Der Rest des Weges ging ich bis zum Eingang und dann hoch in die 2. Etage. Hier begrüßte ich ein paar Krankenschwestern, die ich noch von meinen anderen Besuchen hier kannte und versuchte mir ein Lächeln auf zu zwingen, jedoch wusste ich das ich bei diesem Versuch kläglich versagte, wie mir ihre bemitleideten Blicke verrieten.
Ich bog in den nächsten Flur ab, der wie ausgestorben wirkte, da niemand außer ich hier war. 

Dann blieb ich vor einem Zimmer stehen. Zimmer 215.   
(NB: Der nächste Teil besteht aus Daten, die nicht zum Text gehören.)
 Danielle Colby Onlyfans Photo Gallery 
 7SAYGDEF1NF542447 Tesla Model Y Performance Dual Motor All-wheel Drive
Ich starrte die Nummer an, die mit schwarz an die Tür gemalt war und atmete tief die Luft des Krankenhauses ein, die nach Desinfektionsmittel roch. So oft schon hatte ich hier gestanden und trotzdem zögerte ich jedes Mal.

Ich wusste welcher Anblick mir geboten wurde und trotzdem hatte ich Angst. Angst, dass sie nicht mehr da war. Angst, sie zu verlieren. Das Mädchen zu verlieren, was mir mehr als alles andere bedeutet.

Ich hob langsam meine Hand zur Klinke und öffnete die Tür. 

Ich ging in das Zimmer hinein, blieb vor dem Bett stehen und sah sie an.
Ihr Anblick erschreckte mich jedes Mal aufs neue, wie sie dort so lang, so blass in dem Krankenhaushemd, was ihr gefühlt 3 Nummern zu groß war und mit den ganzen Schläuchen und Geräten. Das Piepsen der Geräte war das einzige Geräusch in diesem Zimmer mit den gelben Wänden und zeigte an das sie immer noch lebt, das sie immer noch hier bei war. Das sie noch nicht tot war. 

Seit ungefähr einem Jahr und 2 Monaten lang sie schon so hier und jeden Tag aufs neue hoffte ich, dass sie immer noch aufwachte. Ich vermisste sie so sehr. Jeder Tag ohne sie war die Hölle und es zerriss mich. Denn in Wahrheit starb ich jeden Tag ein kleines Stück mit ihr in dem sie nicht bei mir war. 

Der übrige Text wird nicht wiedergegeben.